- SOURCE INFORMATION -
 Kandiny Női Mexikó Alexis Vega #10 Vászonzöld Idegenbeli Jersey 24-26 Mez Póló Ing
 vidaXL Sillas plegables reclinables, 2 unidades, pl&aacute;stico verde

--

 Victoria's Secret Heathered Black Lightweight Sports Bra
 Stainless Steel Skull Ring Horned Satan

- WHAT NEEDS TO BE DONE -
From the records above, retype only the lines starting at the line that contains "Kandiny Női Mexikó" and ending at the line that contains "vidaXL Sillas plegables", both included.

- EXERCISE OUTPUT -
 Kandiny Női Mexikó Alexis Vega #10 Vászonzöld Idegenbeli Jersey 24-26 Mez Póló Ing
 vidaXL Sillas plegables reclinables, 2 unidades, pl&aacute;stico verde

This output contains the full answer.